Edit: Recently I brought some ancient (1978) chess software back to life https://github.com/billforsternz/retro-sargon. These two phases of chess, basically two different games, were quite noticeable with that program, which is chess software stripped back to the bone. Sargon 1978 could play decently well, but it absolutely did not have the technique to convert winning positions (because this is different challenge to regular chess). For example, it could not in general mate with rook (or even queen) and king against bare king. The technique of squeezing the enemy king into a progressively smaller box was unknown to it.

zniturah 859 days ago

That 'only' usage in the winning position could be a decisive for gaining GM rating.

paulddraper 859 days ago

Positions with 99% win percentage are not decisive for GM vs non-GM rating.

mtlmtlmtlmtl 858 days ago

From the paper:

If Stockfish detects a mate-in-k (e.g., 3 or 5) it outputs k and not a centipawn score. We map all such outputs to the maximal value bin (i.e., a win percentage of 100%). Similarly, in a very strong position, several actions may end up in the maximum value bin. Thus, across time-steps this can lead to our agent playing somewhat randomly, rather than committing to one plan that finishes the game quickly (the agent has no knowledge of its past moves). This creates the paradoxical situation that our bot, despite being in a position of overwhelming win percentage, fails to take the (virtually) guaranteed win and might draw or even end up losing since small chances of a mistake accumulate with longer games (see Figure 4). To prevent some of these situations, we check whether the predicted scores for all top five moves lie above a win percentage of 99% and double-check this condition with Stockfish, and if so, use Stockfish’s top move (out of these) to have consistency in strategy across time-steps.

So they freely admit that their thing will draw or even lose in these positions. It's not merely making the win a little cleaner.

paulddraper 858 days ago

> So they freely admit that their thing will draw or even lose in these positions.

Yeah, they didn't use Stockfish for the lols.

They create a search-less engine for chess. And then used a search engine to pay a small minority of the game.

mtlmtlmtlmtl 858 days ago

Yes. So how is this irrelevant for qualifying as GM-level play then? Being able to play these positions is a clear prerequisite for even being in the ballpark of GM strength. If you regularly choke in completely winning endgames, you'll never get there.

This is cheating, plain and simple. It would never fly in human play or competitive computer play. And it's most definitely disingenuous research. They made an engine, it plays a certain level, and then they augment it with preexisting software they didn't even write themselves to beef up their claims about it.

Someone 859 days ago

They are once your opponents know you’re very bad at converting them.

zniturah 859 days ago

Proof?

For winning any game at some point (at the end of the game) there will be a position with >99% winning chances.
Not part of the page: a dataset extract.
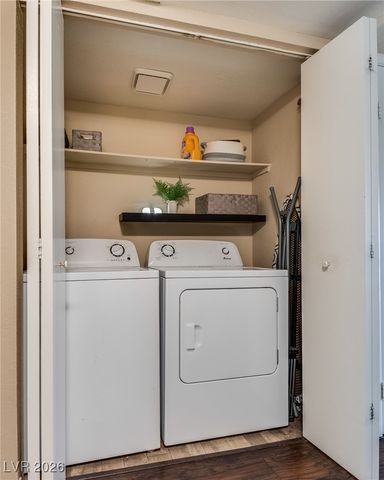 904 Boulder Springs Drive 102, Las Vegas, NV 89128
The move that follows are decisive.

littlestymaar 859 days ago

That's not how chess works. The move that follow aren't usually decisive unless you don't know how to play the game and make enormous mistakes.
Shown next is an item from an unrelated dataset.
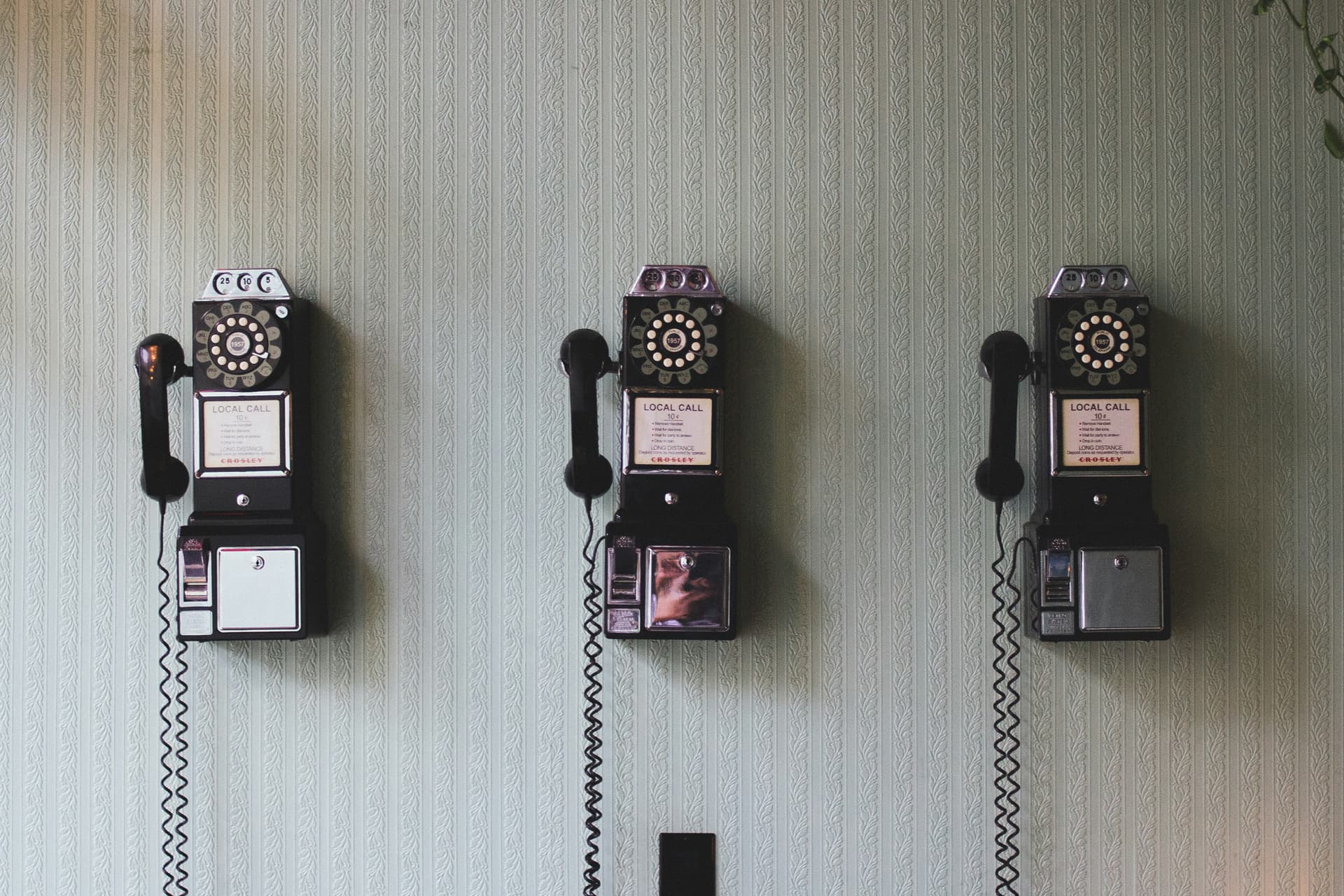 Call Centers Are Getting a Major Upgrade Thanks to AI Voice Agents (And It's About Time!)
Anyone that knows how to play can beat a GM with a big enough advantage at the end of the game (which is what's reflected in the win probability).
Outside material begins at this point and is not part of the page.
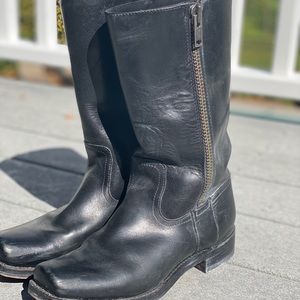 Frye Heath outside zip boots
famouswaffles 859 days ago

Search isn't used to play/win here. Just for training.

cool_dude85 859 days ago

It looks like it does use search here in the sense that Stockfish's top move is generated using search.

phoe-krk 859 days ago

From the abstract:

> We annotate each board in the dataset with action-values provided by the powerful Stockfish 16 engine, leading to roughly 15 billion data points.

So some of the learning data comes from Stockfish.

paulddraper 859 days ago

The original comment was "for playing."

In training, traditional search is absolutely used to score positions.

In playing, search is not used. (*Except to finish out an already-won position.)